Awwww, at least she won't do it again.


----------



## its.alice (Jun 15, 2011)

Time Bandit said:


> On a slightly funny note, my boyfriend was cooking in the kitchen earlier, and Alice was with him. He opened the drawer with the foil, baggies, and cling wrap (yes the very same one Alice got herself wedged in), and she *ran *like heck out of the kitchen and hid under the TV stand. I think she's learned her lesson about exploring crawl spaces. :roll:



oh goodness this made me giggle. The cats stopped to stare at me like i was nuts.


----------



## Time Bandit (Aug 17, 2010)

its.alice said:


> oh goodness this made me giggle. The cats stopped to stare at me like i was nuts.


Haha!  Maybe this will make you laugh even more...

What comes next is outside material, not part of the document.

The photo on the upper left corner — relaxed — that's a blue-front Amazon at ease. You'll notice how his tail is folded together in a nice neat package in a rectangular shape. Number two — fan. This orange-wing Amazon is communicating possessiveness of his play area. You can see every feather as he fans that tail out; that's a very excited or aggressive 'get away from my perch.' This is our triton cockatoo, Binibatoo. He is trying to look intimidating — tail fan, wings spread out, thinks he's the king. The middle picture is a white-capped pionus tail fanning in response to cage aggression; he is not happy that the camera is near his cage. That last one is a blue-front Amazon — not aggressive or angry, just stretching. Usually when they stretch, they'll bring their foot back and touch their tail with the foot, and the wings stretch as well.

This morning after breakfast, Alice was batting at the offending drawer with her paw. She didn't go near the crawl space, or try to open the drawer, she just hit it a few times, gave it a good stare-down, and stalked off! I just burst out laughing...and unintentionally woke up my boyfriend in the process. XD Man, I love cats...such entertainment, even when they aren't trying to be.


----------



## MowMow (Nov 6, 2010)

You should build her one of these: DIY Inspiration: Designer Drawers for Kitty|moderncat :: cat products, cat toys, cat furniture, and more…all with modern style


----------



## Luxxa (Apr 7, 2011)

Time Bandit said:


> Haha!  Maybe this will make you laugh even more...
> 
> This morning after breakfast, Alice was batting at the offending drawer with her paw. She didn't go near the crawl space, or try to open the drawer, she just hit it a few times, gave it a good stare-down, and stalked off! I just burst out laughing...and unintentionally woke up my boyfriend in the process. XD Man, I love cats...such entertainment, even when they aren't trying to be.

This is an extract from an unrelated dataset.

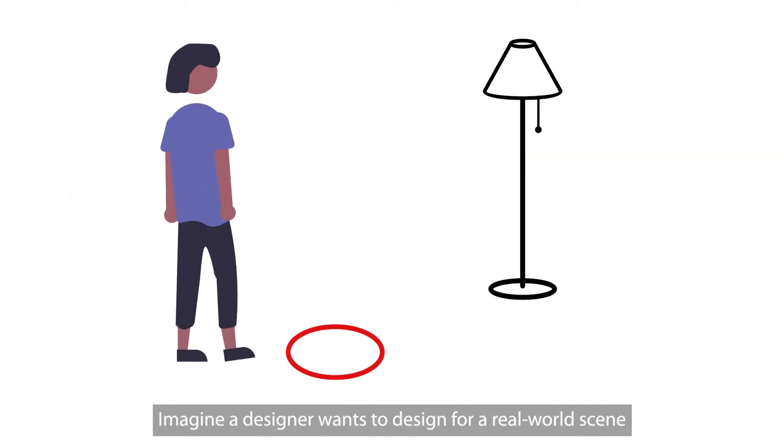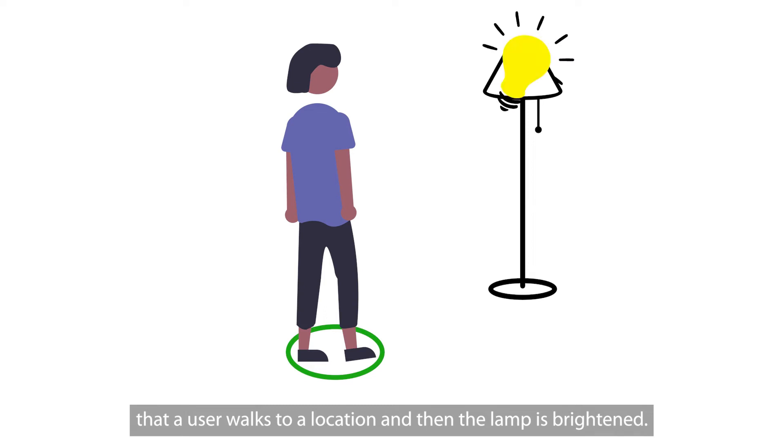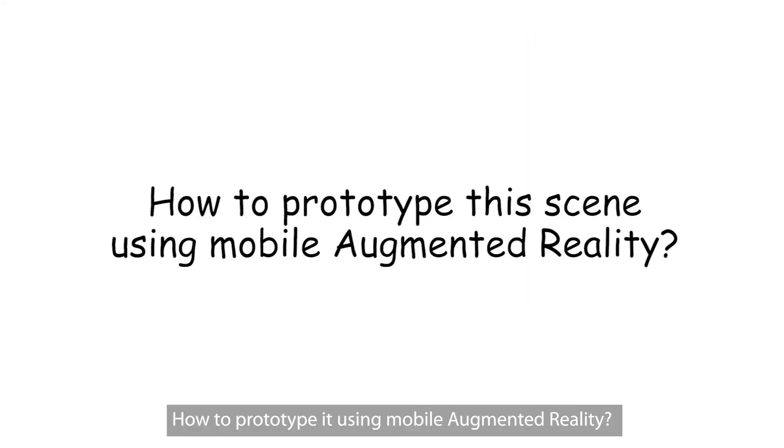Imagine a designer wants to design for a real-world scene, where a user walks to a location and then the lamp is brightened. How to prototype it using mobile augmented reality?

Oh how I love a good paw batting.

As ineffective as it may appear to us humans, cats continue to believe it's the only successful way to deal with mildly threatening objects. 
They have conviction, and I can appreciate that.


----------



## BotanyBlack (Apr 6, 2011)

MowMow said:


> You should build her one of these: DIY Inspiration: Designer Drawers for Kitty|moderncat :: cat products, cat toys, cat furniture, and more…all with modern style


Woa.. I need a nail gun fast... i so want to build this.. that and a suitcase catbed..


----------



## Time Bandit (Aug 17, 2010)

MowMow said:


> You should build her one of these: DIY Inspiration: Designer Drawers for Kitty|moderncat :: cat products, cat toys, cat furniture, and more…all with modern style


That is really cool.  But I think Alice's drawer adventuring days are over...she hasn't even been messing with the cupboards lately, and that was like a daily occurrence to go exploring in those.


----------



## Luvkitties (Jan 22, 2009)

It must have been so funny to see her batting at the drawer!!! 

Cats really do silly things sometimes!


----------



## OwnedByIsis (Jun 21, 2011)

Woo poor Alice! I can just imagine her reaction to being stuck in there.

I love her little face. So expressive and so sweet!


----------